● **Work item**
Without the images, reproduce each line of the material exactly.

● **The records**
-- -- --
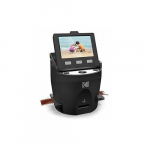 Skaner Kodak Scanza CMOS (FOTAOAPAKOD00008) | FOTAOAPAKOD00008 | 0840102192780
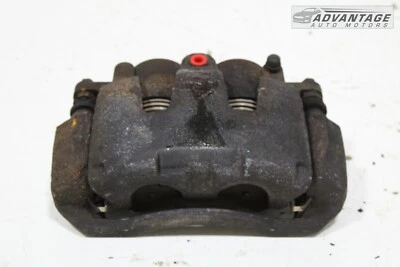 Dodge Ram 1500 2013-2021 4x4 delantero derecho pasajero ABS pinza de freno OEM Foto 1 de 4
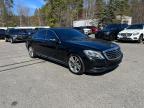 Top Destinations for Shipping Cars from the USA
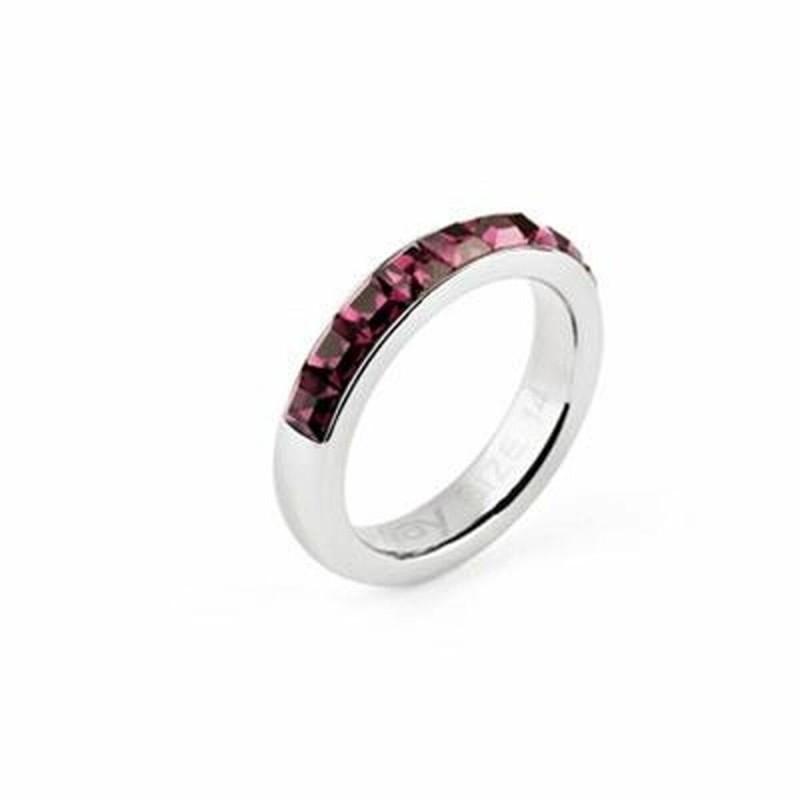 Bague Femme Brosway BTGC52E 20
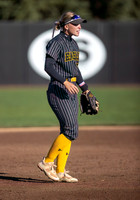 10192024 CSI Fall Softball  015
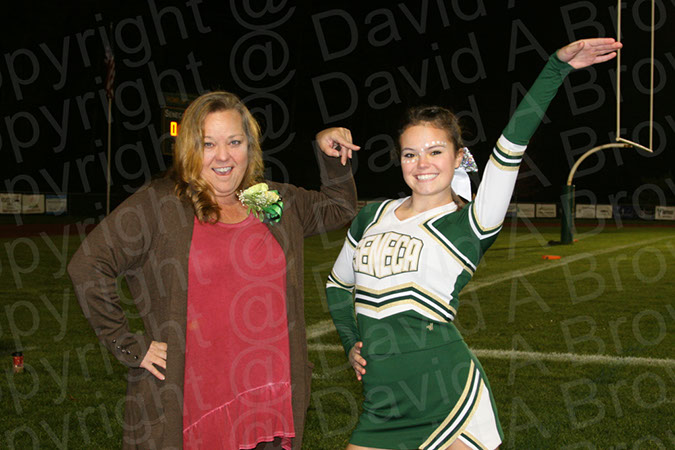 SVF_Seniors_16_025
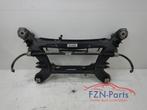 Subframe Mercedes CLS-Klasse (22726214), Ophalen, Gebruikt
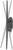 UniBracket BZ01-63
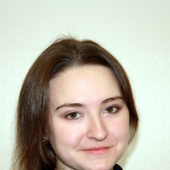 Захарова Анастасия Сергеевна, фтизиатр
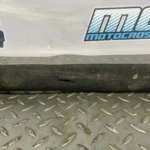 6870735357da6b95a3a0a9e7 jpg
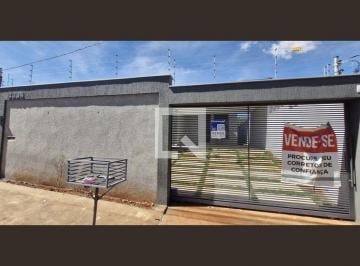 Casa · 500m² · 3 Quartos · 4 Vagas · Casa à Venda - Várzea, 3 Quartos,  500 m² - Lagoa Santa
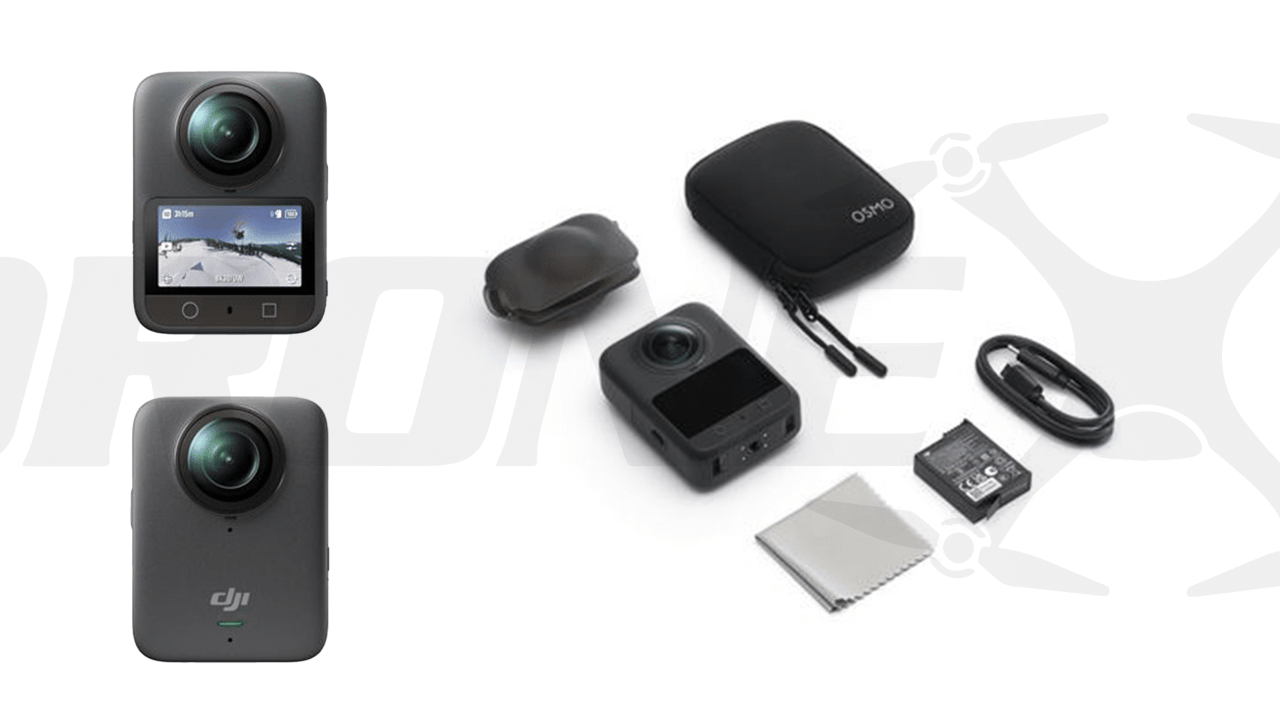 适马17-40公布价格，徕卡和大疆新品谍照流出插图2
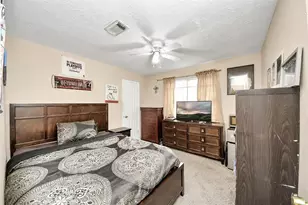 4155 Amir St, Houston, TX 77072 - Photo 27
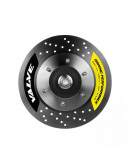 Amotion Valve - AM84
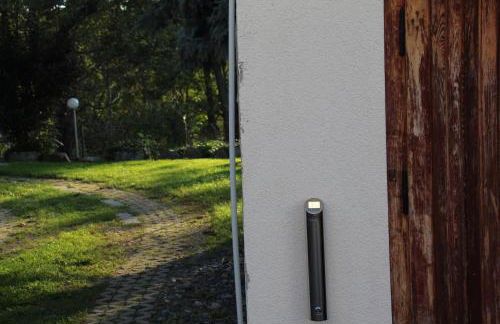 Ferienwohnung ELPIDA - Foto 17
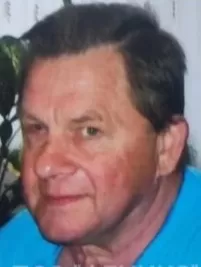 Козлов Анатолий Георгиевич Козлов Анатолий Георгиевич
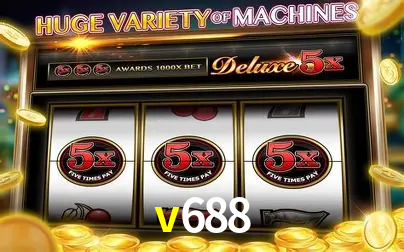 Ofertas Exclusivas v688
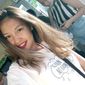 Элина Вахитова Руслановна фото №1354251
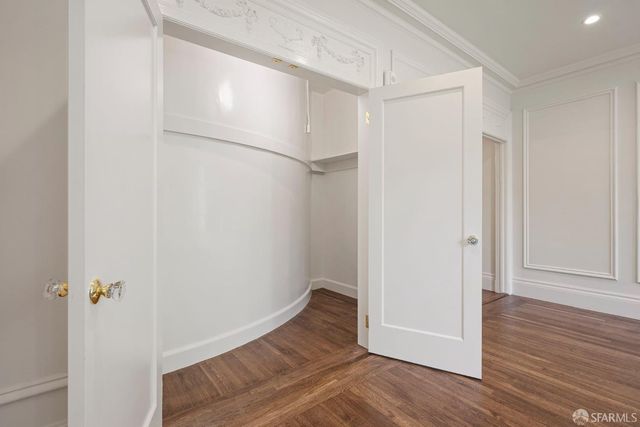 735 Geary Street 103, San Francisco, CA 94109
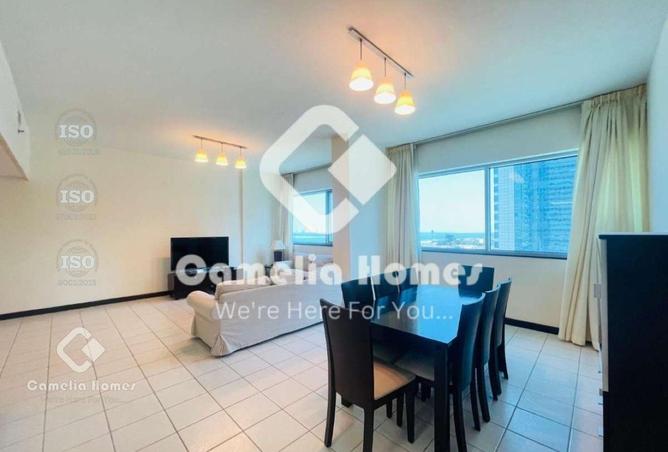 53099042 - صورة العقار 2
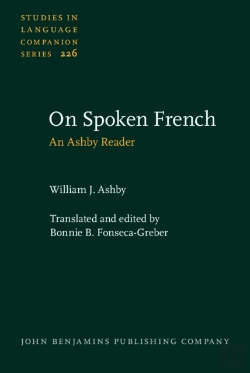 Bertrand.pt - On Spoken French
-- -- --
● **Result of the exercise**
 Skaner Kodak Scanza CMOS (FOTAOAPAKOD00008) | FOTAOAPAKOD00008 | 0840102192780
 Dodge Ram 1500 2013-2021 4x4 delantero derecho pasajero ABS pinza de freno OEM Foto 1 de 4
 Top Destinations for Shipping Cars from the USA
 Bague Femme Brosway BTGC52E 20
 10192024 CSI Fall Softball  015
 SVF_Seniors_16_025
 Subframe Mercedes CLS-Klasse (22726214), Ophalen, Gebruikt
 UniBracket BZ01-63
 Захарова Анастасия Сергеевна, фтизиатр
 6870735357da6b95a3a0a9e7 jpg
 Casa · 500m² · 3 Quartos · 4 Vagas · Casa à Venda - Várzea, 3 Quartos,  500 m² - Lagoa Santa
 适马17-40公布价格，徕卡和大疆新品谍照流出插图2
 4155 Amir St, Houston, TX 77072 - Photo 27
 Amotion Valve - AM84
 Ferienwohnung ELPIDA - Foto 17
 Козлов Анатолий Георгиевич Козлов Анатолий Георгиевич
 Ofertas Exclusivas v688
 Элина Вахитова Руслановна фото №1354251
 735 Geary Street 103, San Francisco, CA 94109
 53099042 - صورة العقار 2
 Bertrand.pt - On Spoken French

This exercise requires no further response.